A vassal to the Crown is a fairly high position. It would offer many things: wealth, land, authority, power, influence, connections, political franchise, etc. It was the propertied class (just below titled aristocracy) at a time when few had property, as property ownership was determined by the feudal order. As such, his father would have had been part of the upper classes, not part of the far reaches of ruling elite but still with significant position at least at the local level. So, when David Peebles refers to himself as a merchant (marchand), he might have meant something far beyond a mere businessman, trader, craftsmen, or farmer.

Another interesting thing is the specific historical context.

Virginia was settled by a fair number of Royalists, supporters of the Crown. They were often referred to as Cavaliers because of courtly fashion (the term cavalier being related to cavalry and chivalry, from Old French chevalier). The term was used as a general label for courtiers and Royalists, but some of them were Norman-descended aristocracy from southern England (and those that weren’t sought to style themselves as such). David Peebles, however, was Scottish. Some Scottish did fight for the Crown, but I don’t know if this included my ancestor and his kin. Scottish Royalists were typically Highlanders, whereas David Peebles was apparently from the Borders (although it might be noted that the Cavaliers didn’t have a high opinion of any of the Scottish—see Reprobates: The Cavaliers of the English Civil War by John Stubbs; also see Soldiers and Strangers: An Ethnic History of the English Civil War by Mark Stoyle, as reviewed by R.C. RichardsonEnglish chauvinist prejudices were rampant. An English officer in 1639 devoted several lines to a litany of hostile adjectives that describe “the scurvy, filthy, dirty, nasty, lousy, itchy, scabby, shitten, stinking, slovenly, snotty-nosed, villainous, barbarous, beastial, false, lying, roguish, devilish” Scots.). The fact that my ancestor immigrated to Virginia and was easily assimilated into the social order does seem to imply that he likely had some association with the Royalist cause.

In support of this conclusion, I noticed that David Peebles put his notice up for emigrants a month after the king was captured by the New Model Army. He arrived in Virginia the same year King Charles I was executed, which was a year before Cromwell occupied Peebles, Scotland (just south of Edinburgh); that was the year directly following the execution of Charles I. Interestingly, in the American colonies (according to Enclyclopedia Virginia), “by 1650, most Virginia Puritans had left the colony for Maryland or Massachusetts.” So, the Cromwell supporters, Roundheads, were leaving Virginia just as those like David Peebles were arriving. Virginia was first settled by Puritans, but it would become seen as Royalist stronghold, not that it ever played a direct role in the English Civil War, as it remained officially neutral in the colony’s government seeking to encourage free trade with all sides.

I’d point out that Peebles, Scotland was an old royal burgh and resort. The people of the area may have felt particular loyalty to the former Scottish king, James VI, who became the king of England, James I (he would sometimes meet in Peebles in his official role).
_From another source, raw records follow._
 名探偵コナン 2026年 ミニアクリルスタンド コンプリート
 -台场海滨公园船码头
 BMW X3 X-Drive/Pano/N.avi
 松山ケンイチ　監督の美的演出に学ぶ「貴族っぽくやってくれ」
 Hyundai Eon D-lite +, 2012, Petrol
Many Scottish came into conflict with English rule, but that wasn’t true for all, as ethnic nationalism wasn’t fully formed yet. The Scottish didn’t see themselves as a single people at that time. Britain was a diverse place with no clear separation between Scotland and England. King James I died in 1625 and I’m not sure how the memory of his rule would have influenced loyalties during the English Civil War(s), in terms of the broader War of the Three Kingdoms.
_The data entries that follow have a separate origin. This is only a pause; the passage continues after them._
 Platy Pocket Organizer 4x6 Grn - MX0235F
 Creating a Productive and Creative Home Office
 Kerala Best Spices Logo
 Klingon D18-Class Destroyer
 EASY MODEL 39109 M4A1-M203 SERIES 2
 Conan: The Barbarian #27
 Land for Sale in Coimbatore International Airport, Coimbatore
Anyway, in its having taken root in Virginia where David Peebles’ plantation was located, Cavalier culture would be held up later on as what defined the American South, even though few Southerners were of Anglo-Norman ancestry. It was an aristocratic value system and social order: strict social hierarchy, privilege of white male landowners, noblesse oblige, and culture of honor. It was an echo of the old chivalric code of feudalism, an image of ancient nobility. It was what the plantation owners modeled themselves after and it became a collective identity among many Southerners in defining the South as a region with a culture that was supposedly unique and coherent, although in reality this was more of an invention. Even the Southern dialect didn’t fully develop until the commingling of Southerners in the Confederate Army. Here is a brief synopsis of the background (from Enclyclopedia Virginia):

“Having initially resisted England’s Commonwealth regime, and having reinstalled a former royal governor of its own accord, Virginia was in an excellent position to plead its loyalty to the king after the Restoration. Indeed, the colony even gained a reputation as a Royalist stronghold—a reputation some Virginians cultivated by exaggerating the number of Royalist officers, or Cavaliers, who migrated to the colony after 1648, and claiming that most Virginians were descended from the English aristocracy. While a number of Royalists—including members of the Washington, Randolph, Carter, and Lee families—sought refuge in Virginia, most remained in England or settled in Europe. And most immigrants to Virginia in the seventeenth century were indentured servants, not English gentry. Regardless, the Cavalier myth—perpetuated by romantic, nostalgic depictions of Virginia plantation life in literature and historical studies—took hold in Virginia and persisted throughout the seventeenth, eighteenth, and nineteenth centuries. Some scholars view the Lost Cause interpretation of the American Civil War (1861–1865) as an extension of the Cavalier myth.”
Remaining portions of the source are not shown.